• Problem to solve: Your answer must be the lines from the one holding "Willa Quilted Nylon" through the final line of the entries below, copied exactly, with no pictures.
:: Material for this exercise
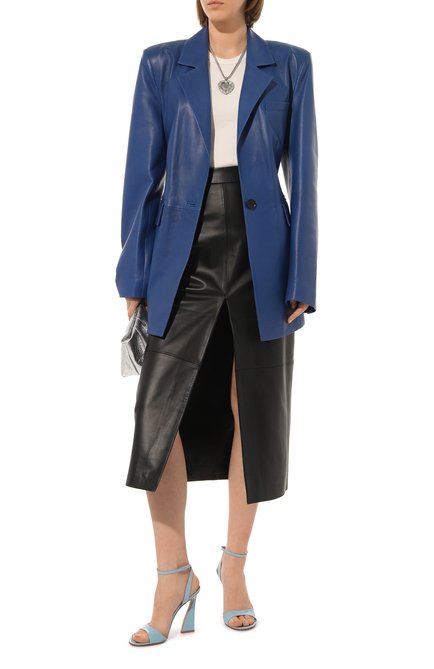 Женские кожаные босоножки aura GIANVITO ROSSI голубого цвета, арт. G31826.15RIC.VERAIRR | Фото 2 (Подошва: Плоская; Материал внутренний: Натуральная кожа; Каблук высота: Высокий; Каблук тип: Шпилька)
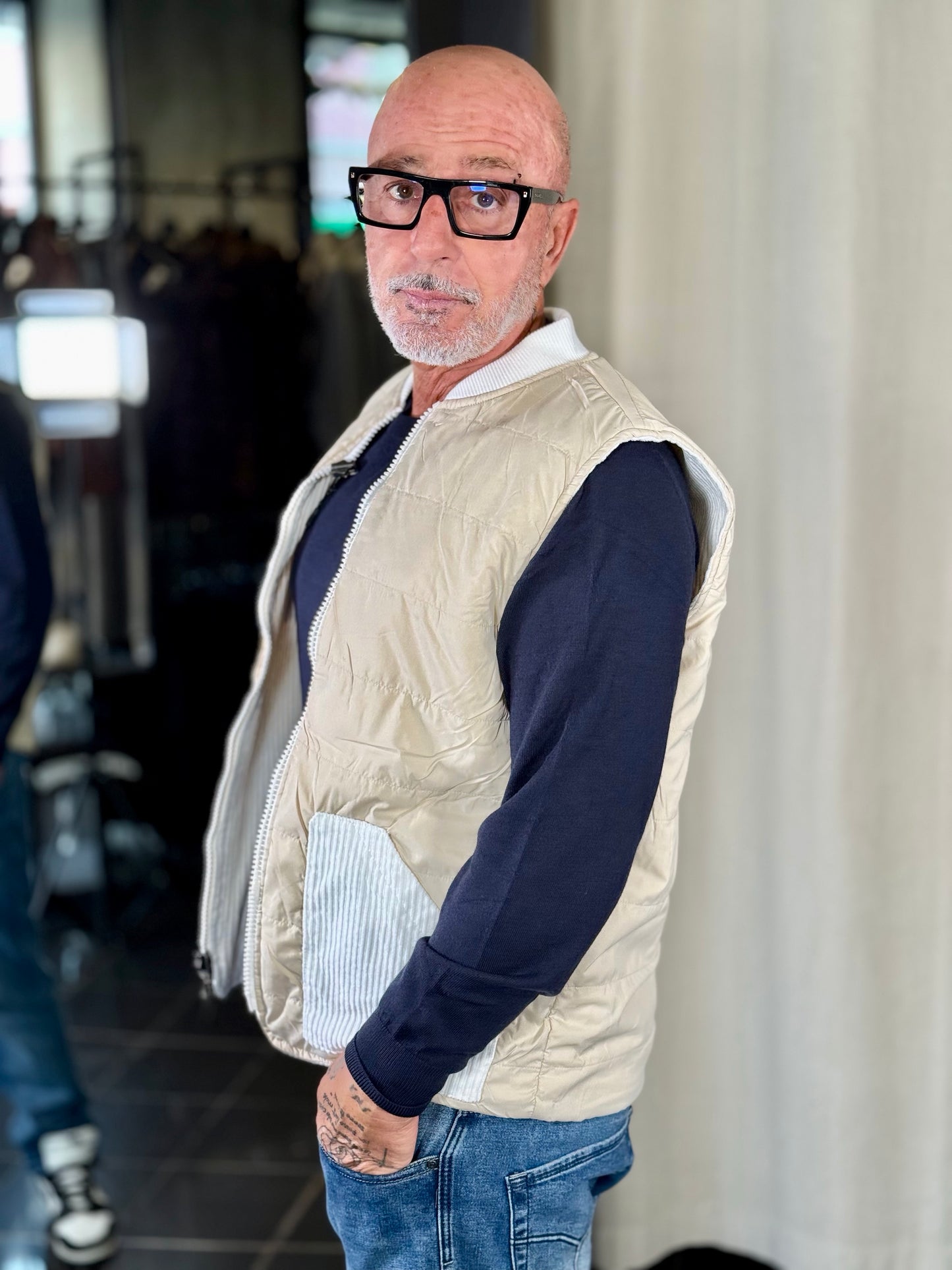 Gilet effetto velluto a coste bianco reversibile beige 2302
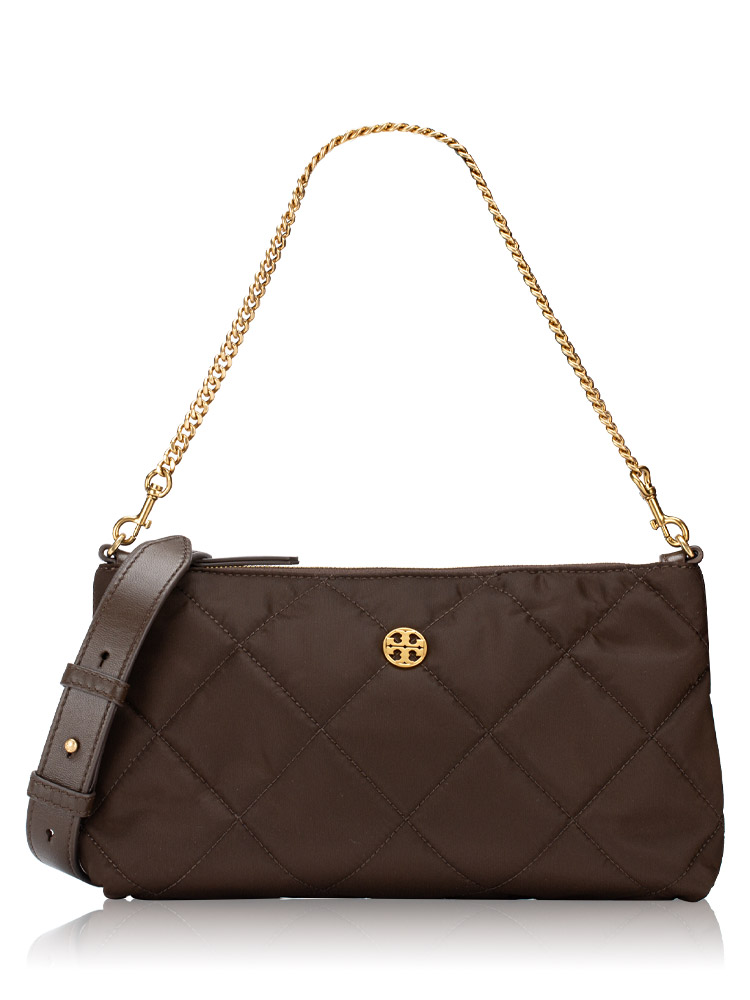 Willa Quilted Nylon Zip Shoulder Bag Dark Roast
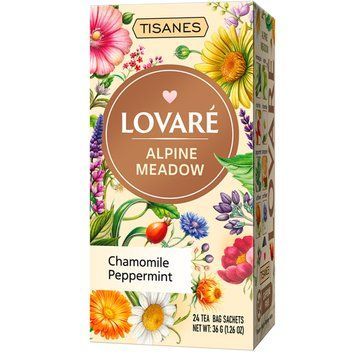 Чай без кофеїну Lovare Tisanes Alpine Meadow з ромашкою і м'ятою 24 пакетики 122090 фото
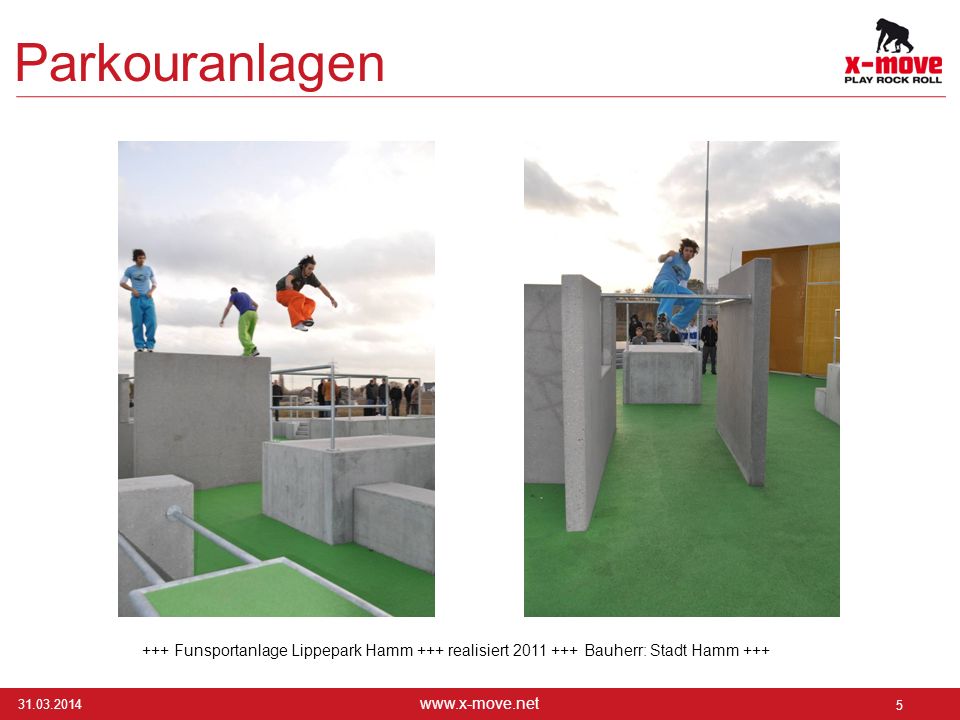 Parkouranlagen +++ Funsportanlage Lippepark Hamm +++ realisiert Bauherr: Stadt Hamm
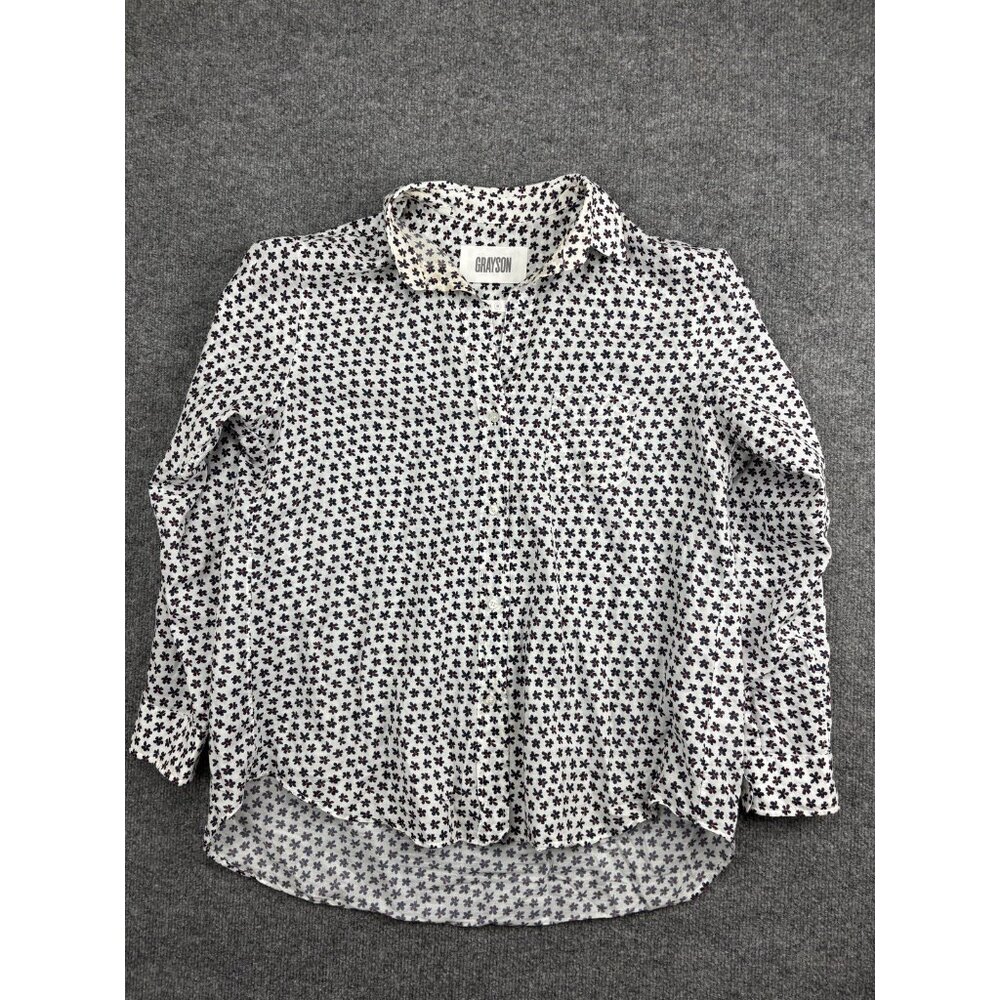Grayson The Hero Shirt Womens 04 White Blue Floral Button Down Long‎ Sleeve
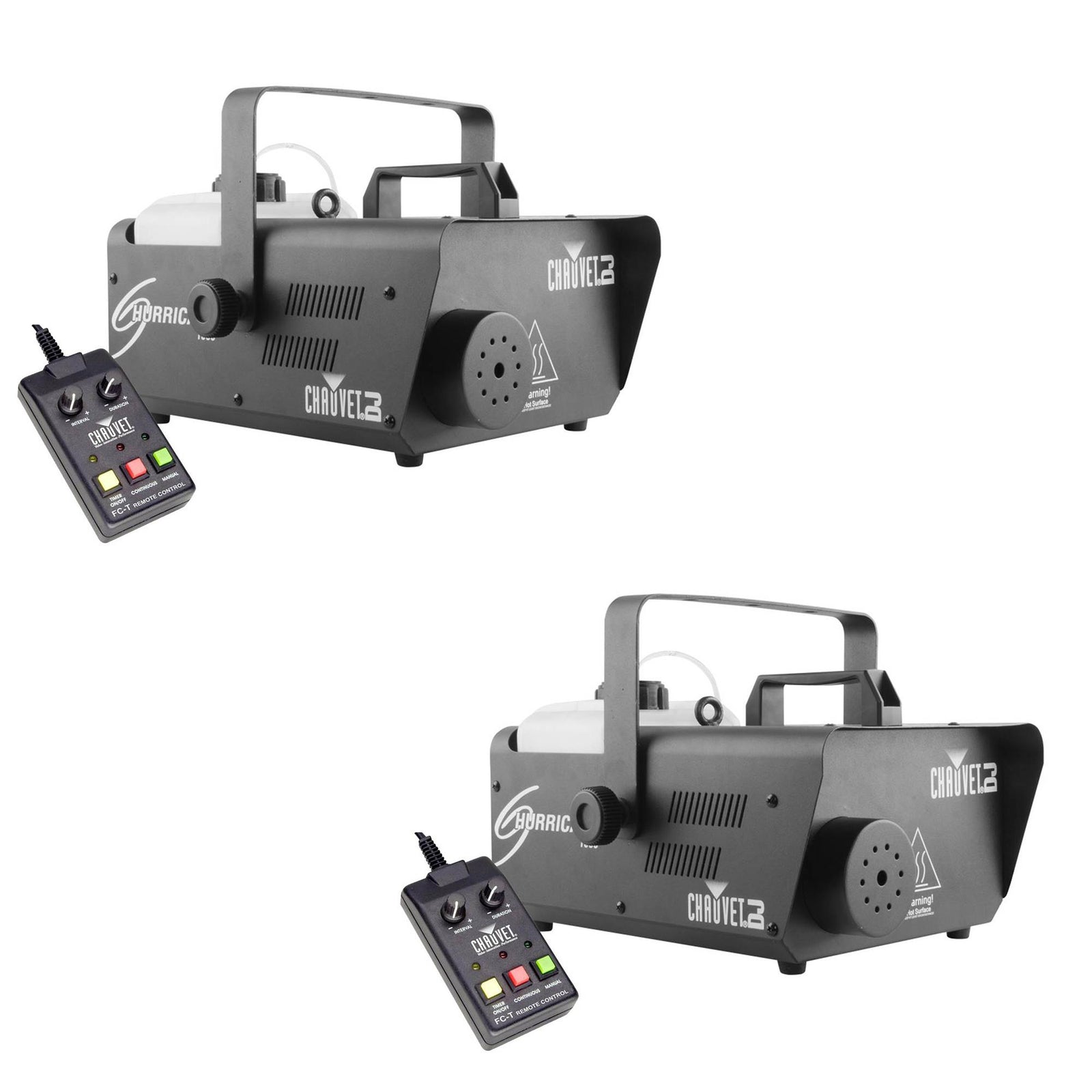 CHAUVET DJ Hurricane 1600 2.4L Pro Fog/Smoke Machine w/FC-T Wire Remote (2 Pack) - VMInnovations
::::
• The answer:
 Willa Quilted Nylon Zip Shoulder Bag Dark Roast
 Чай без кофеїну Lovare Tisanes Alpine Meadow з ромашкою і м'ятою 24 пакетики 122090 фото
 Parkouranlagen +++ Funsportanlage Lippepark Hamm +++ realisiert Bauherr: Stadt Hamm
Grayson The Hero Shirt Womens 04 White Blue Floral Button Down Long‎ Sleeve
 CHAUVET DJ Hurricane 1600 2.4L Pro Fog/Smoke Machine w/FC-T Wire Remote (2 Pack) - VMInnovations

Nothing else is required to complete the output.